Another motion was passed recommending that the new Committee meet as soon as possible and formulate such lines of service as it might think best to take up and have these ready to present to the Convention before it should adjourn. Thus closed the proceedings of the business session Saturday afternoon.

Sunday morning a meeting of the Committee was called and after about an hour's deliberation, the following recommendations as to lines of service to be taken tip were decided upon, to be placed before the Convention.

(1) That the Committee be authorized to arrange for another Convention whenever it might seem advisable.

(2) That the Committee be authorized to issue a periodical and make such arrangements for Pilgrim work as the funds may justify.

(3) That the seven brethren of the Committee be constituted Trustees and that they be authorized to arrange for a non-profit corporation-a company not for profit, similar in kind to that of the Watch Tower Bible and Tract Society-called in New York a Membership Company.

Following the afternoon discourses on Sunday these recommendations were read to the Convention. Considerable discussion grew out of these recommendations, principally with regard to forming a business organization through which to issue the periodical and carry on the work. It would seem proper here to state that two brethren who were members of the former Committee ­Brothers Johnson and Jolly, stated that they were opposed to the organizing of a corporation and made vigorous protests against anything of the kind, claiming that they had Scriptural reasons, in the types and symbolisms of the Old Testament for believing that it was contrary to the Word of the Lord and therefore wrong for any who were running the race for membership in the Little Flock to have anything to do with a corporation, organized to carry on a religious work; and these brethren insisted that opportunity be given them to present their Scriptural reasons for taking this stand toward forming a corporation. The friends, desiring to have all the light possible upon this and every question, voted to give these brethren a hearing with regard to their views on the subject.

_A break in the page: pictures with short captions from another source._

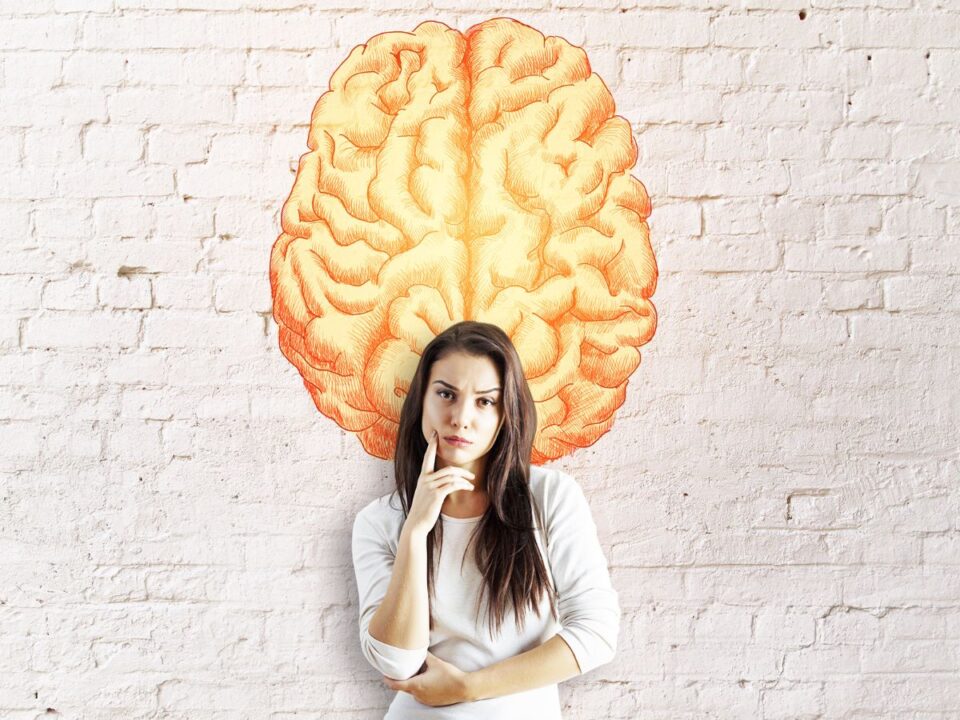 magas-intelligencia-3-egyedi-gondolkodasmod - Nők Lapja nő áll agyat ábrázoló fal előtt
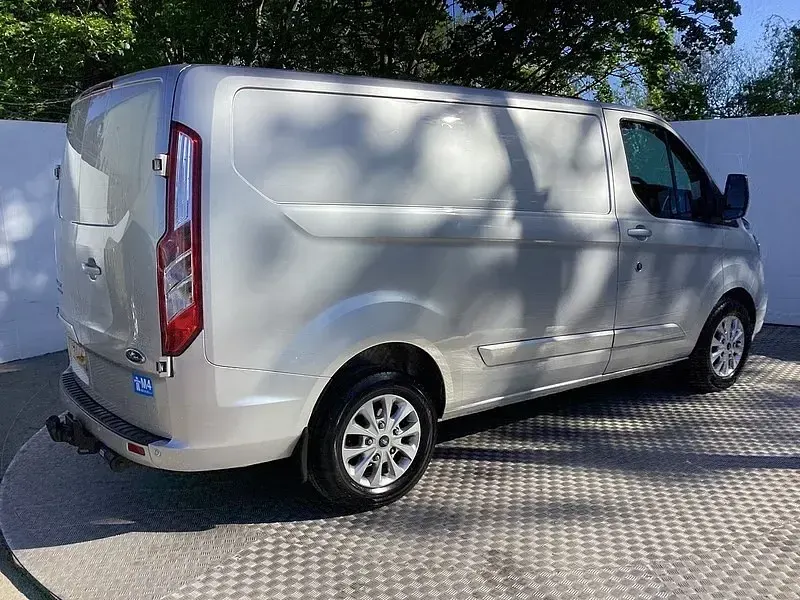 Usado Ford Transit Custom Limited 130 HP (95 kW) 2021 Prateado Van
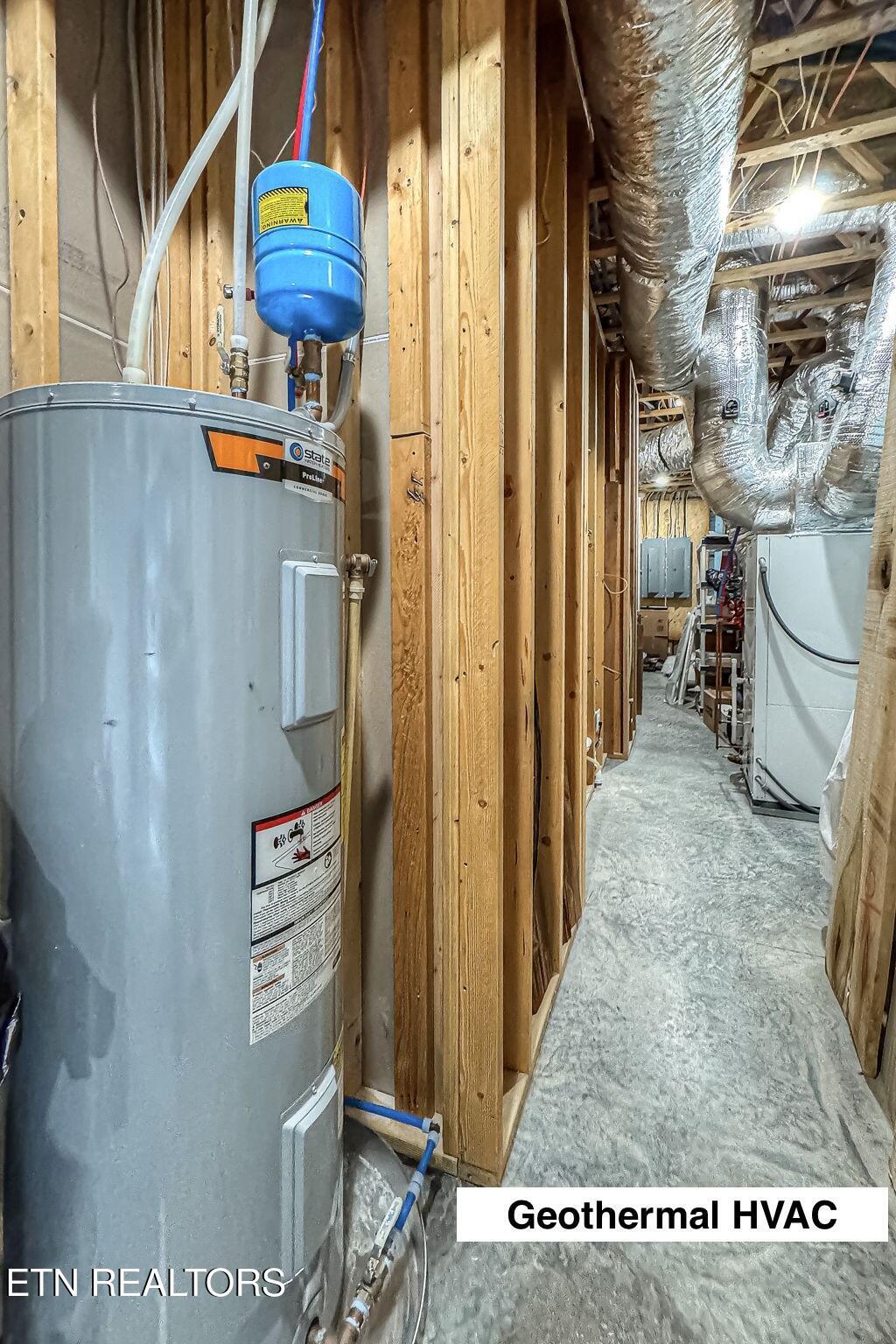 322 Okmulgee Circle, Loudon, TN - Fort Loudoun and Tellico Lake Real Estate - Image# 57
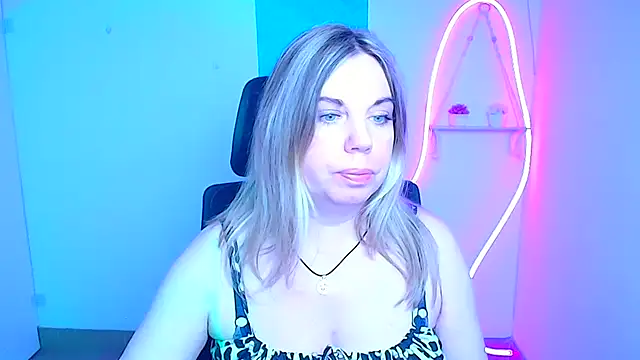 Amanda Swannn online show from March 28, 2026, 7:09 am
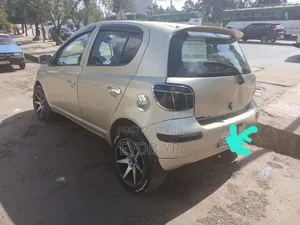 Toyota Vitz 2002 Gold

In harmony therewith, Brother Johnson was heard for an hour and a half. Following his presentation one of the brethren of the Committee made a brief reply in refutation of the arguments that had been presented against the forming of an organization. It was additionally explained that the Committee had no thought whatever of trying to organize the Church, or of establishing another sect; that nothing could be farther from their intentions. But believing that whatever work was started should be established on a basis that could be fully controlled by the main body of Truth people themselves, and to prevent anything in the nature of headship and individual controllership from creeping in, the business corporation was suggested as the very best way to issue the periodical and transact business in connection with the general ministry.

Following this summing tip, a vote was taken as to the scripturalness of forming a business corporation with the result that the majority signified their belief that there is nothing in the Scriptures condemning a business corporation, organized for the purpose of carrying on a religious work by those who are striving for membership in the Little Flock. However, in view of the doubt raised in the minds of some as to the advisability of using a corporation, a minority expressed their doubt by voting in the negative. Consequently it was deemed wise by the majority not to insist on or urge the organizing of a corporation or the issuing of the publication at this time, believing that by resting the matter for a while, the will of the Lord would be more clearly manifest and the matter could be taken tip any time at a later Convention.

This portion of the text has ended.